India studying possibility of importing power from Central Asia
India is keen to examine the feasibility of importing power from an electricity grid emanating from the hydropower surplus region of Central Asia, as also helping to build mini hydel dams in the mountainous region through which two major rivers flow.
According to Ajay Bisaria, joint secretary in the Eurasia division, of the Ministry of External Affairs, India stands to benefit from the Central Asia South Asia Electricity Transmission and Trade Project, better known as CASA-1000, a new electricity transmission system to connect the countries of hydropower producing countries of Kyrgyzstan and Tajikistan with Afghanistan and Pakistan.

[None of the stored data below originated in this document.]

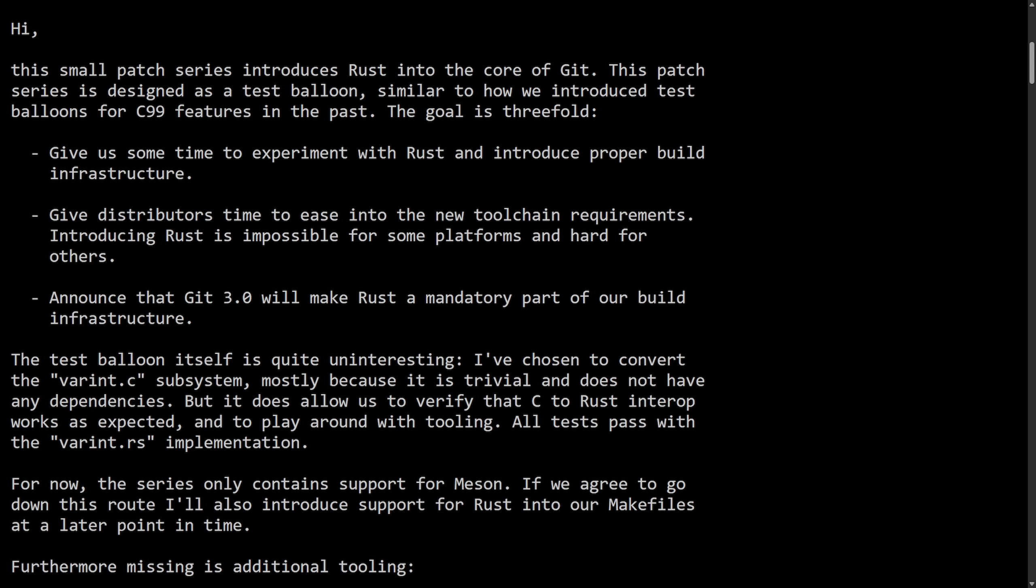With this transition phase, Git developers are experimenting by moving tiny self-contained pieces of C to Rust. Git 3.0 in the future will have at least one subsystem that will exist only in Rust, and that will mean that the build system will have to have Rust present. It's an interesting move by Git, as Git is considered critical infrastructure.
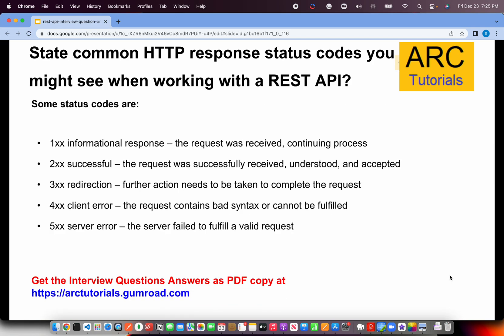What are some HTTP response status codes you might see working with a REST API? 1xx — anything in the 100 series like 100, 101, 104 — means the request was received and is continuing to process. 2xx, the 200 series, means the request was successfully received, understood, and returned an output. 300 series, mostly 304, means redirection — there are redirections taking place. 400 series means client-side errors: bad syntax, bad request, cannot be fulfilled, etc. Anything in the 500 series like 500 or 504 means the server has failed and is not giving a valid response.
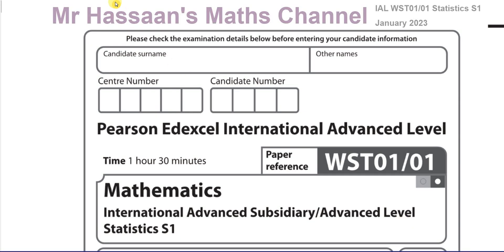Welcome back to Mr. Hassan's Maths Channel. I'm now going to be going over the January 2023 International A-Level Edexcel Statistics S1 paper. I'm going to start off by doing question number one and save that in a playlist for the paper, and also a playlist for the topic it's from, such that you'll end up having two playlists — one for the paper and another set for questions from particular topics.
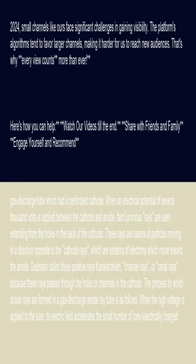These rays are beams of particles moving in a direction opposite to the cathode rays, which are streams of electrons which move toward the anode. Goldstein called these positive rays canalstrelin, channel rays, or canal rays, because these rays pass through the holes or channels in the cathode.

Bisari, addressing a round table on 'Regional Water Security and Riverine Disputes: Issues Common to Central and South Asia' here Thursday, said India is keen to find out if a way can be found to import the electricity from the CASA-1000.
"If there is a grid then India can benefit from the electricity imported," he said at the event held at the India International Centre.
He said with India moving ahead with joining the TAPI or Turkmenistan-Afghanistan-Pakistan-India gas pipeline, the technical feasibility of joining the CASA-1000 could also be examined.
Terming trans-boundary water disputes as contentious issues, he said India consciously avoids getting drawn into water discourses during its talks with other countries and instead "shares its experiences" with them. Bisaria said India is helping Tajikistan upgrade its mini hydel stations, including the 9.5 MW Vajrob. India is also in talks to set up a mini hydel station in the landlocked Central Asian country bordering Afghanistan to the south.
The roundtable was organised by think tank Society for Policy Studies in collaboration with Asia News Agency.